Have you heard that Italians don’t drink wine with pizza? Several knowledgeable websites inform me they prefer beer, or even (gasp) Coke.
That’s the thing about Italy: You can always learn something you didn’t know.
When I was a starving student in Bologna, my classmates and I liked to fill up on before-meal bread in cheap restaurants, to save money on expensive entrees.
And in my favorite working class trattoria, I learned to twirl my spaghetti with a fork, using a big spoon as a base.
Later I learned that both of these acts were American faux pas.
Even today, if you’re planning a trip to Italy and you Google “Italian food customs,” you’ll find a bewildering and contradictory array of so-called rules that sound like something from an Emily Post etiquette guide.
Here’s what I gleaned from an hour of net surfing:
• The trendy American custom of dipping bread in olive oil and balsamic vinegar as an appetizer is almost unheard of in Italy; it may have started in San Francisco.
• Bread is eaten only after the pasta course, often used to mop up sauces.
• One twirls long pasta only with a fork, and no one over the age of 6 ever cuts it.
• Cappuccino and other milky coffees are morning drinks in Italy; asking for them in midafternoon is frowned upon.

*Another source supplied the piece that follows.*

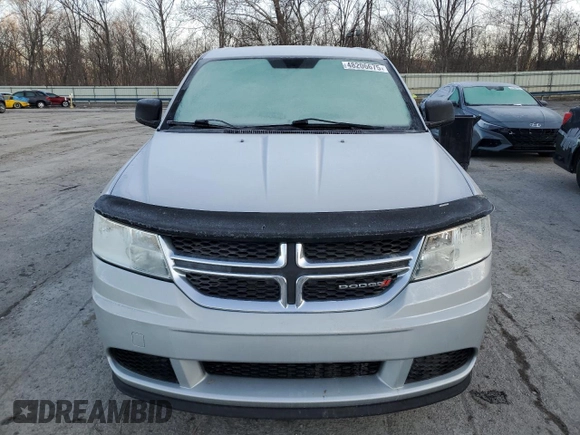 2013 Dodge Journey American Value with VIN 3C4PDCAB9DT604157, listed as a Copart auction lot 48206675 with 158,392 mi miles and Salvage Title. Bid and sale history available at DreamBid. Image 5.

• Italians don’t put ice in their drinks.
• Italians don’t do “to go” coffee in paper cups.
• A salad is a side dish to a meal, not a starting course.
• With a main meal, Italians drink only wine or water.
• But with pizza, it’s beer or colas.
So it seems Italy’s dining customs are as confusing as its wine laws. Don’t get me started. Still, I wouldn’t worry about feeling inappropriate if you visit Italy. It’s a friendly, relaxed country. They’ll forgive you an Americanism or two – especially if you make an attempt to speak a bit of Italian.
If you get to Tuscany – and that’s a very good idea – here are some nice Chiantis to try. (Incidentally, they all go great with pizza).
• 2010 Cecchi Chianti Classico DOCG, Tuscany (90 percent sangiovese, 10 percent colorino): floral aroma, rich red plum and anise flavors, full-bodied, intensely fruity; $15.
• 2009 Banfi Chianti Classico Riserva DOCG, Tuscany (cabernet sauvignon, canaiolo nero, sangiovese): hint of oak, crisp aromas, flavors of black cherries and bittersweet chocolate, long finish; $18.
• 2010 Cecchi Chianti DOCG, Tuscany (90 percent sangiovese, 5 percent colorino, 5 percent canaiolo nero): floral aromas, tart cherry and chocolate flavors; $11.
• 2009 Cecchi “Riserva di Famiglia” Chianti Classico Riserva DOCG, Tuscany (90 percent sangiovese, 10 percent colorino): hint of oak, spicy black cherry and espresso flavors, full-bodied; $30.
• 2011 Banfi Chianti Classico DOCG, Tuscany (cabernet sauvignon, canaiolo nero, sangiovese): floral aromas, black plum flavors, big, ripe tannins, full-bodied; $13.
• 2011 Banfi Chianti Superiore DOCG, Tuscany (75 percent sangiovese, 25 percent cabernet sauvignon and canaiolo nero): floral aromas, sweet black cherry flavors, medium body; $11.
• 2010 Villa Cerna Chianti Classico Riserva DOCG, by Cecchi, Tuscany: (90 percent sangiovese, 10 percent colorino): pure, intense tart cherry and black coffee flavors, spicy, with soft tannins; $24.
• 2011 Placido Chianti DOCG, Tuscany (100 percent sangiovese); light body, black cherry flavors; $10.
• 2011 Bolla Chianti DOCG, Tuscany (90 percent sangiovese, 10 percent canaiolo nero): floral aromas, light body, crisp and fruity, with tart cherry flavors; $8.